白色的衣衫染血,  大片大片的血块凝结在一起,散发着一股铁锈般的腥味,青年面色惨白,  羸弱的身子虽是立的笔挺,  却仿佛风一吹就会倒。

    那双幽深的眸子淡漠的看着大殿里的人,没有浓烈的杀意,却无端的让人感到了一丝恐惧。

    月雪瞳孔瞬间放大,她不可思议的看着立在大殿门口的青年,  像是见了鬼一般身体剧烈的颤抖,一抹恐惧急速的爬上了她的眸子,  惊的她通体发寒。

    白柳感受到了月雪身体的颤抖,她抱着月雪的手更加的用力了一些,细声的安慰着月雪,  “不怕不怕,  没事了,  已经没事了,月喻之没有死,你不要怕。”

    然而,  出乎白柳意料的是,  她以为的能够安慰月雪的话,  却是让月雪更加的惊恐了起来。

    整个人都缩成了一团,  脑袋深深的埋进白柳的怀里,  浑身上下都散发着一股绝望的气息。

    月雪感觉自己似乎置身于冰天雪地之中,那冷冽的寒风无孔不入,  钻入她的皮肤,  渗进她的血脉,  冻的她心脏都几乎停滞了跳动。

    白柳的那一句“月喻之”没有死,  吓的月雪差点神魂出窍,似乎那温热的元婴还依旧包裹着她的手指。

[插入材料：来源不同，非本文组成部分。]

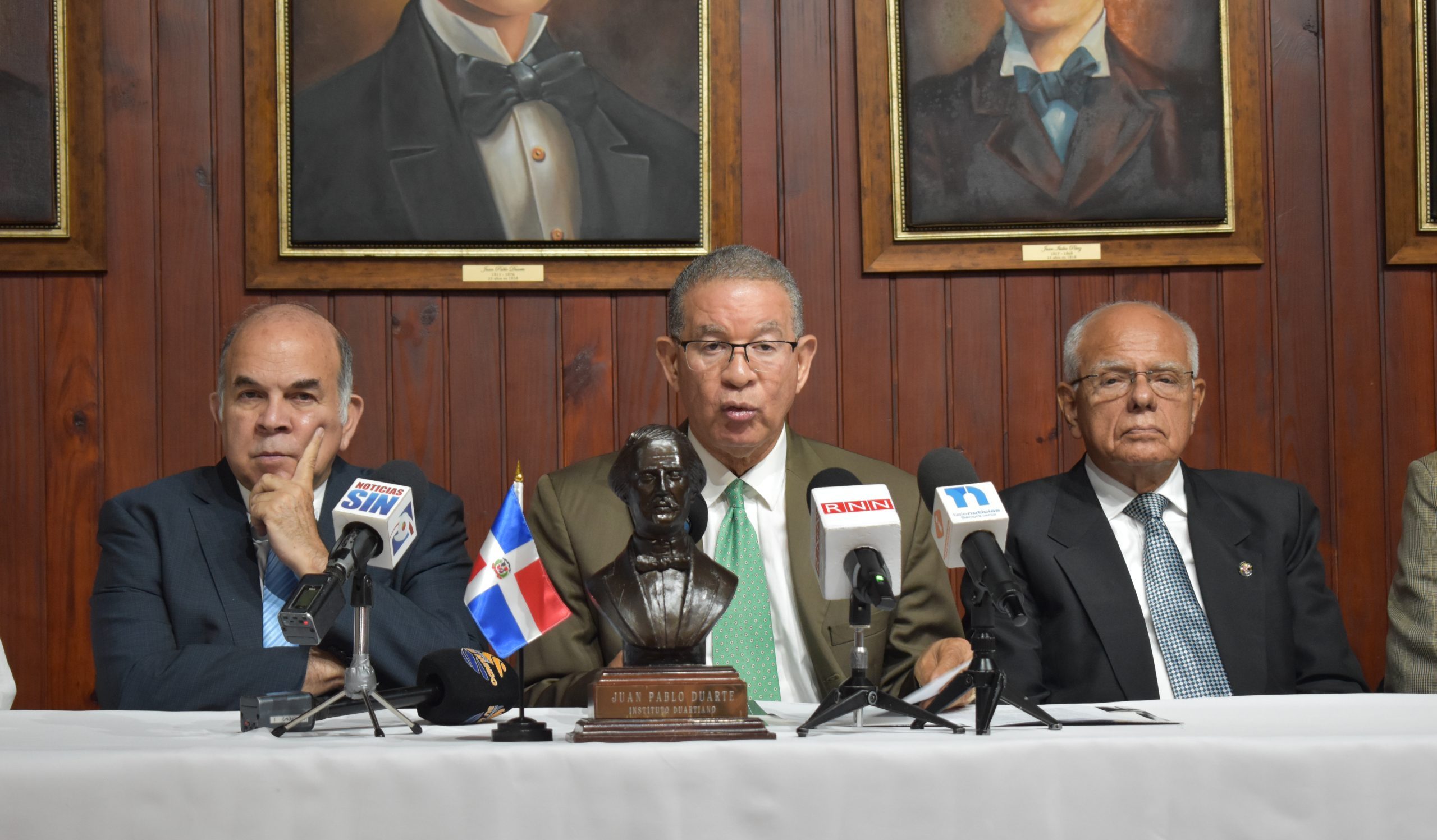 sectores-exhortan-a-eeuu.-a-no-involucrarse-en-las-politicas-migratorias-de-rd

    那刺目的红色就在自己的眼前,那近乎于野兽一般痛苦的嘶吼还依旧回荡在耳边。

    一抹极度的恐慌从月雪心中爬起,渐渐的弥散开来,顷刻间便宛如惊雷,席卷了她整个心田。

    ——他,来找自己报仇了!

    月雪死死的抓着白柳的手臂,试图从她身上获取一点点力量,却发现,即使她的手指已经深深的掐进了白柳的皮/肉里,那抹恐慌依旧在她心底升了根。

    她只能将最后的希望寄托于月澈的身上,期待她的父亲能够护她一护。

    几乎是带着祈求,月雪将脑袋从白柳怀里抬起,直直的盯着月澈,轻轻的喊了声,“爹……”

    然而,终究是让月雪失望了……

    月澈眼眸中浮现出一抹惊喜,也顾不得妻子的威胁,运用身法,几乎是带着残影,眨眼间就冲到了云励寒的面前。

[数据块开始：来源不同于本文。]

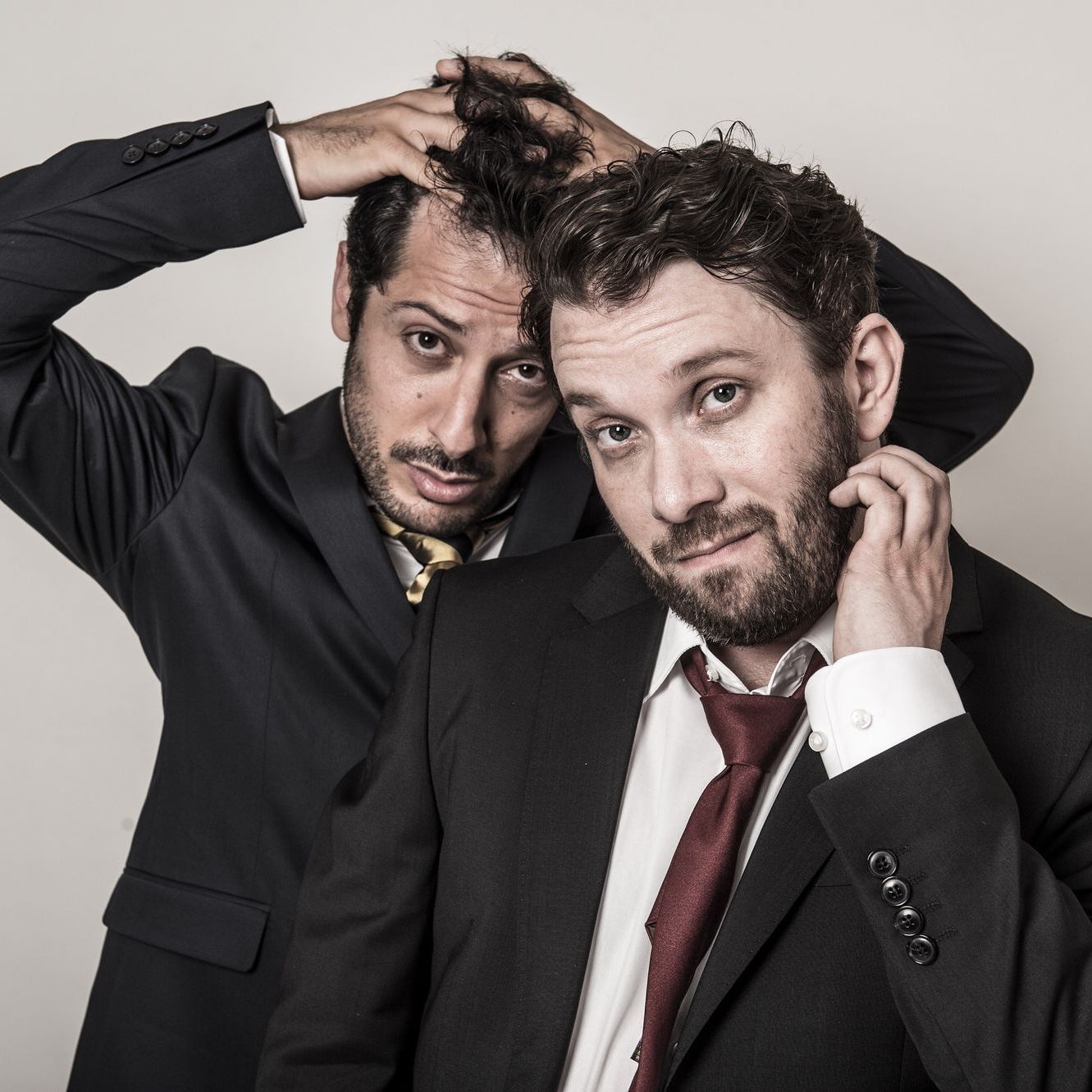 Alle fünf Staffeln "jerks." jetzt streamen!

    在看到月喻之的命灯熄灭的那一刻,月澈的内心是有些绝望的。

    天梯断了几万年,玄冥宗里记录的各种适合逐渐的根骨也尽数消失不见。

    对于具有天生剑骨的月喻之,除了养了二十年的感情,也寄托了月澈一辈子的期望。

    他知道自己的根骨不好,也没有办法逐渐到那种境界,但是如果能够亲眼看到月喻之飞身,他这一辈子,也就死而无憾了。

    之前的极度愤怒之下,他掐上了月雪的脖子,虽是不至于真的杀了月雪,但彻底的对这个女儿感到失望也是真的。

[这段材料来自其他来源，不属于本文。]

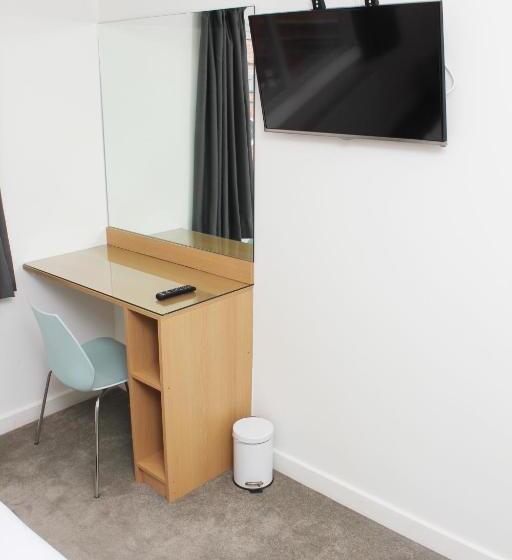 Номер Basic, Gidea Park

    竟是如此一个可笑至极的理由,让他失去了养了二十年的儿子,也失去了他的毕生所愿。

    此刻,见到云励寒虽然浑身的气息极度的虚弱,但却依旧活着出现在了自己面前,他内心是狂喜的。

    月澈颤抖着手,微微抬起来,试图去够云励寒的侧脸,声音还带着一抹沙哑,似乎是还没从月喻之死掉的打击中缓过来,“喻之……你还活着。”

    云励寒悄然后退一步,躲开了月澈的碰触,他本就长的比月澈高,此刻眼睫微微下垂,幽深的眸子就这般静静的看着月澈,不带有丝毫的情感,就好像是在看一个毫不熟悉的陌生人。

    月澈心下一惊,云励寒的反应完全出乎了他的意料,月澈的眸子中闪过一抹受伤,他缓缓放下了试图去摸云励寒侧脸的手,轻轻的问道,“喻之,你……是不是在怪师尊?”

    云励寒仿佛没有听懂月澈的话语一般,近乎呢喃的问了一遍,“我为何要怪师尊?师尊做了什么对不起我的事吗?”

    月澈被云励寒噎的几乎说不出话来,他张了张口,回头看了一眼满脸泪花的月雪,眸子中染上了浓郁的悲伤。

    他身体抖动的厉害,眼神时而看一眼月雪,时而又聚集在云励寒身上,思索了半天,他最终还是抬眸望向了云励寒,“喻之,算师尊恳请你,放了雪儿,可以吗?”

    话音一落,月雪忐忑的心稍微的放下来了一些,死死抓着白柳的手,也微微松了一些。

    月雪知道,就凭借这二十年来,月喻之对月澈的尊敬和感激,她顶多是会受一顿罚,性命si终归是无忧的。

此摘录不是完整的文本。